Baby #2 gets the “cool mom.” She isn’t worried about the tiniest bump on his arm because she knows it is just a mosquito bite, no reason to ask the mom group, go back outside and play. She isn’t helicopter-ing around him as he learns to crawl and walk, she’s just encouraging, knowing there will be a few tumbles. She isn’t staying at home locked away from the world because she wants no one to watch him, he gets to know everyone at the party as he gets passed around and loves it. She isn’t stressed and hating herself and beating herself up because of that one little mistake that Suzie from Facebook would NEVER allow but really doesn’t fucking matter. He ate an m&m, holy shit!
Baby #2 gets to experience more in life. He gets an older sister to inspire, teach, and torture him. He gets the already tired parents willing to let him “just be a kid.” He gets a ton more freedoms off the bat. And he still has parents who freaking love him. Because that’s what it’s all about, right? Teaching them love? For the world, for others, for themselves?
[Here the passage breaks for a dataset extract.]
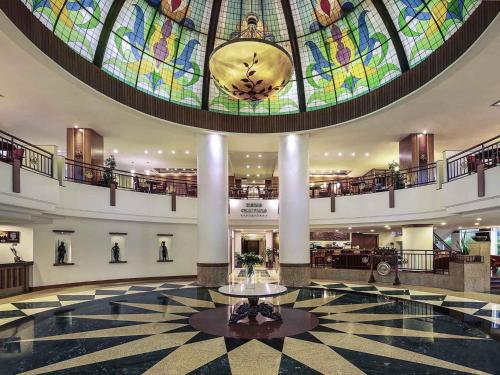 een groot gebouw met een groot glas-in-loodplafond bij Mercure Jakarta Kota in Jakarta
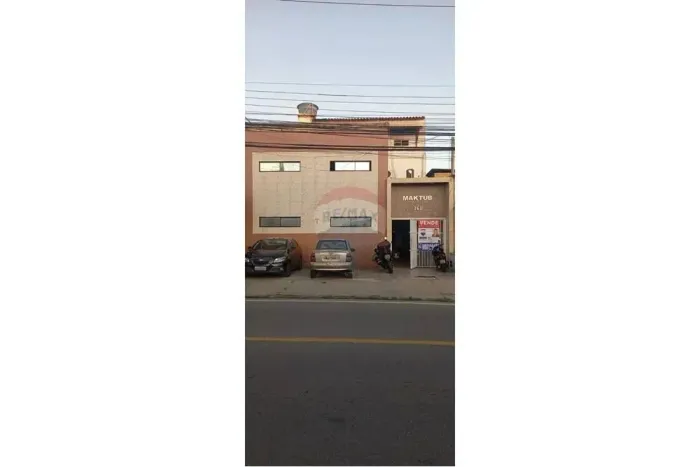 "Empresarial com 3 Andares" Oportunidade de Investimento em Maceió, AL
So if you have baby #2 on the way and you’re fucking terrified, shit even baby #1, just let them be. Don’t be so caught up in all the little things you have to do, focus on just being the best mom you can be. That doesn’t mean the laundry will always be done. That doesn’t mean your floors are spotless. That doesn’t mean everyone is always doing exactly what they are supposed to be doing. Because after baby #2, none of those things are going to be happening. But you are going to notice all of the little things you didn’t really pay attention to with your first because you were too concerned with what you should be doing.